- _HOW TO COMPLETE THIS TASK_:
Among the entries below, only the lines from the one with "much smaller scale." through the one with "The overview panel" are wanted, reproduced exactly. Pictures are not wanted.

--- DATA FOR ANALYSIS ---

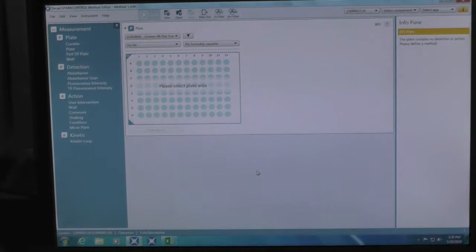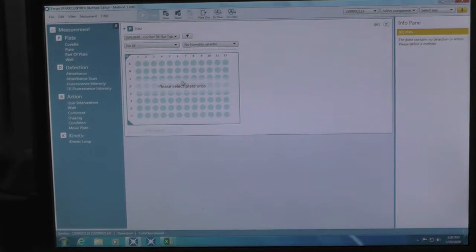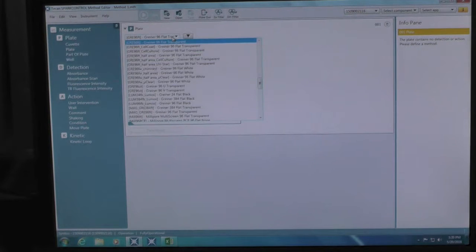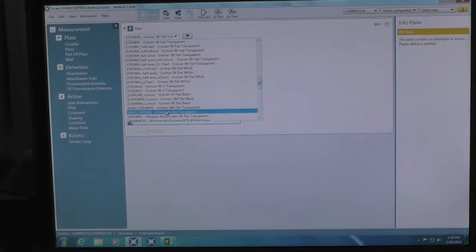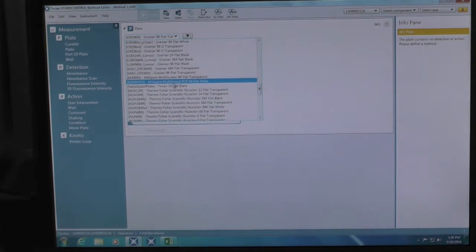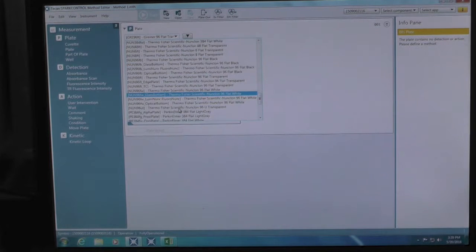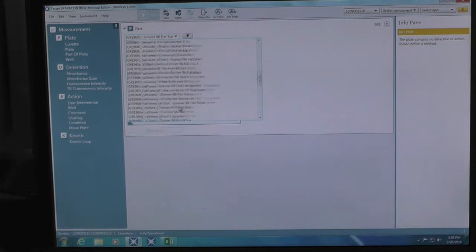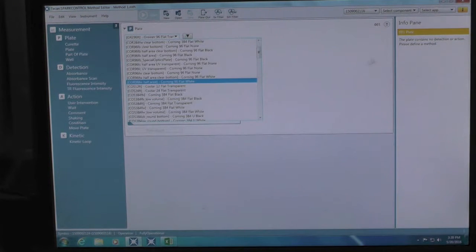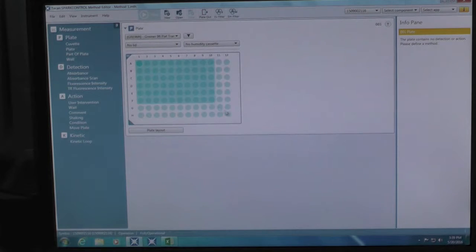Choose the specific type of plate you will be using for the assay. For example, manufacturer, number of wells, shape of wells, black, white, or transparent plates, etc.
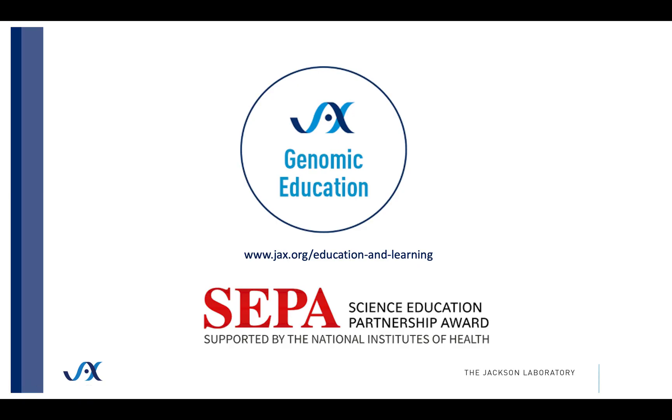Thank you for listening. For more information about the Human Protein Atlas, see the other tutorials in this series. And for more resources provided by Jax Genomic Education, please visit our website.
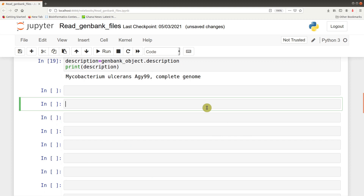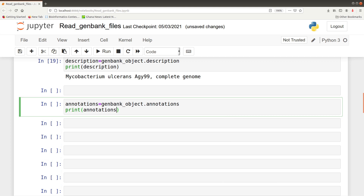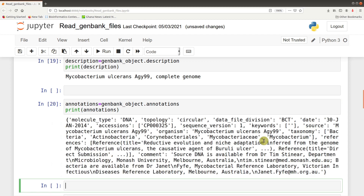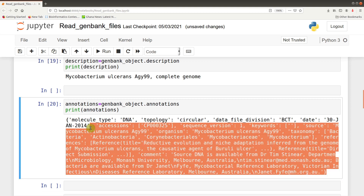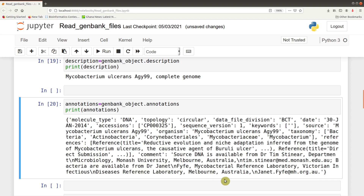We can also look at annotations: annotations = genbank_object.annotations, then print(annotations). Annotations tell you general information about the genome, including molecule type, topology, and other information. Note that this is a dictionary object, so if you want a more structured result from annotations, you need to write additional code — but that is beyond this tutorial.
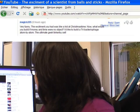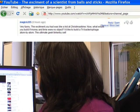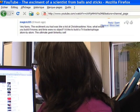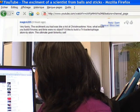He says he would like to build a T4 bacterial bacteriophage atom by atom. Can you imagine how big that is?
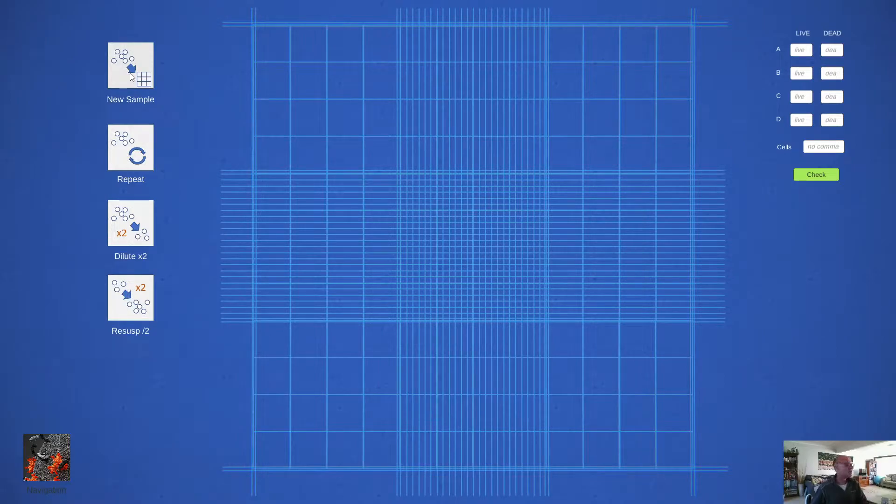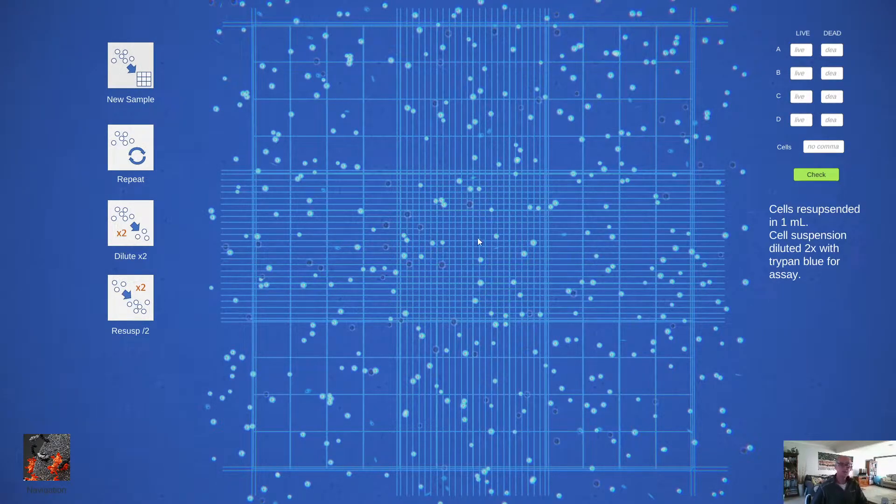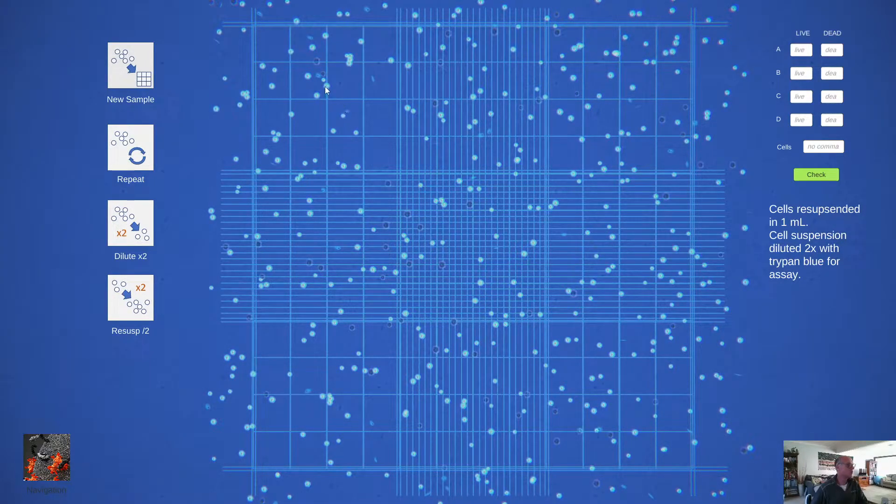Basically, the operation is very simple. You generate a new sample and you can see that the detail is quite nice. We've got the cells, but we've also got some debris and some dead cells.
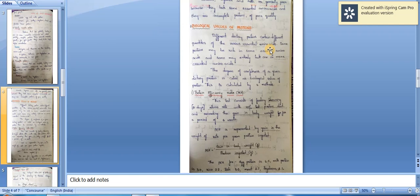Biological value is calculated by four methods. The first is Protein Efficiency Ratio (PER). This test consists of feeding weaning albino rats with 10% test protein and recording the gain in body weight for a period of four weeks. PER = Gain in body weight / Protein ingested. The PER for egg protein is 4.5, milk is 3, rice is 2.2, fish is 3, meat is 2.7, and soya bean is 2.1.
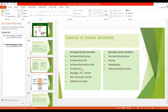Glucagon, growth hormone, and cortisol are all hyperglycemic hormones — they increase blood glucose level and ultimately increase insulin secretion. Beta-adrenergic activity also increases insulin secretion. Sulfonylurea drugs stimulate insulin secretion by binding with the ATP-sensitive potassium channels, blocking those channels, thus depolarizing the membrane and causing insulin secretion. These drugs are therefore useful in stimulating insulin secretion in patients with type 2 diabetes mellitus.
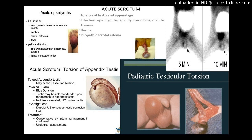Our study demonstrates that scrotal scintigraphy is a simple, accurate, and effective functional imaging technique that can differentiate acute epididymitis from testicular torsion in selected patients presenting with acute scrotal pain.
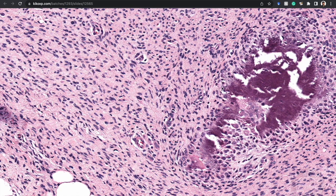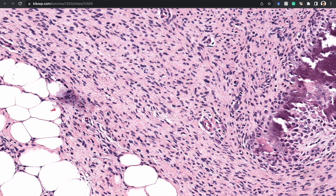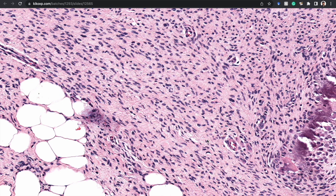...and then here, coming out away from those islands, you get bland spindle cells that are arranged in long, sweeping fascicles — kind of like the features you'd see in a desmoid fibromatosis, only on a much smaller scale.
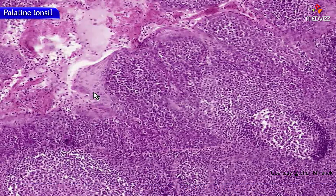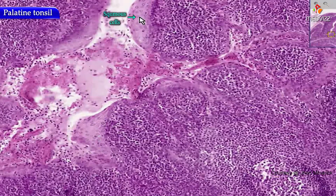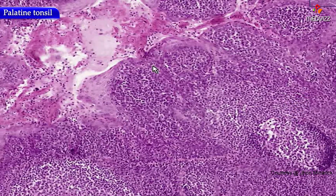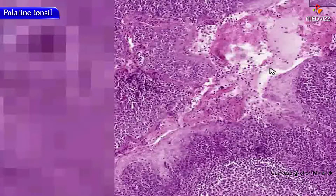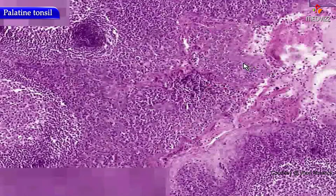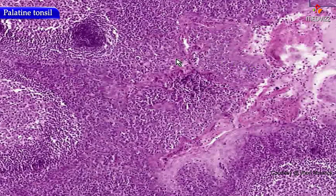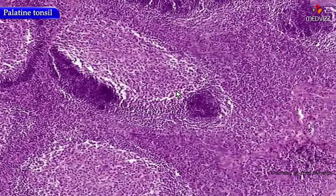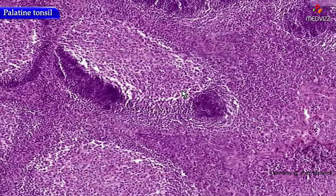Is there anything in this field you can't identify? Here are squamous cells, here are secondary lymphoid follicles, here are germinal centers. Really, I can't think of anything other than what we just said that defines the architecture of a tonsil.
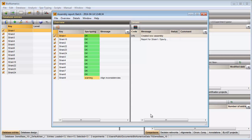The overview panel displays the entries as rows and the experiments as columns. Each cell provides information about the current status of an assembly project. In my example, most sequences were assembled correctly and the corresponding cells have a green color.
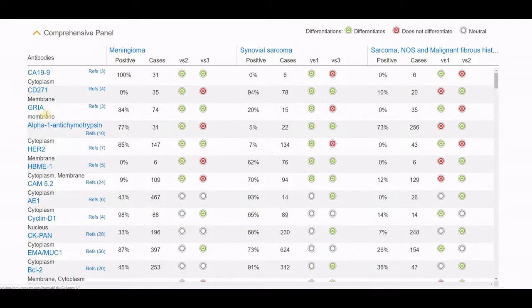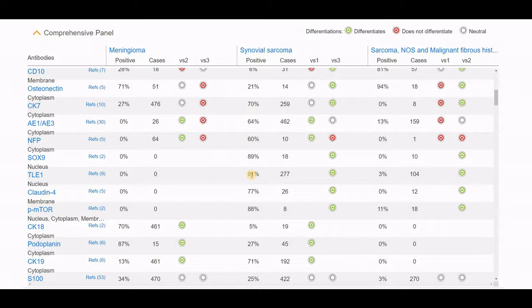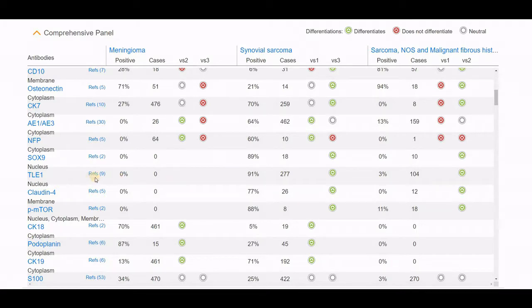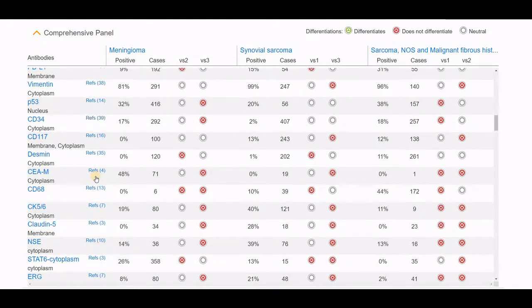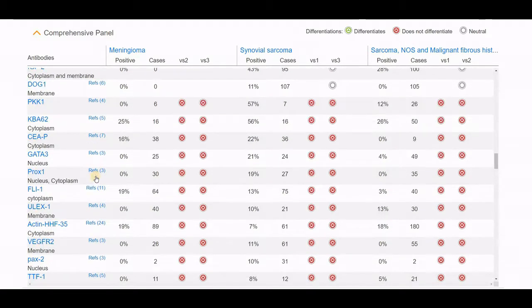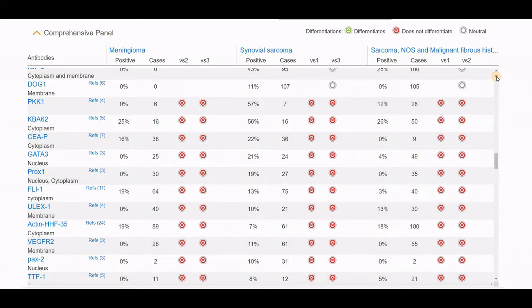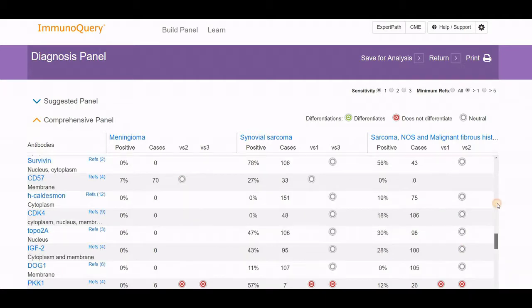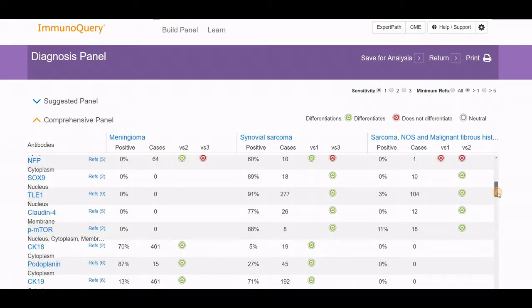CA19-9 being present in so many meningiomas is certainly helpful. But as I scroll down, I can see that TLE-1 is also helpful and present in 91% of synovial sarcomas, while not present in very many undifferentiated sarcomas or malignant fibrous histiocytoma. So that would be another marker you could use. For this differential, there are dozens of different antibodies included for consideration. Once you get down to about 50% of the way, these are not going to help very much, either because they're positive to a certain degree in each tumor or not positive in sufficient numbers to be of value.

---

- _PROBLEM SOLUTION_:
...and then here, coming out away from those islands, you get bland spindle cells that are arranged in long, sweeping fascicles — kind of like the features you'd see in a desmoid fibromatosis, only on a much smaller scale.
Is there anything in this field you can't identify? Here are squamous cells, here are secondary lymphoid follicles, here are germinal centers. Really, I can't think of anything other than what we just said that defines the architecture of a tonsil.
The overview panel displays the entries as rows and the experiments as columns. Each cell provides information about the current status of an assembly project. In my example, most sequences were assembled correctly and the corresponding cells have a green color.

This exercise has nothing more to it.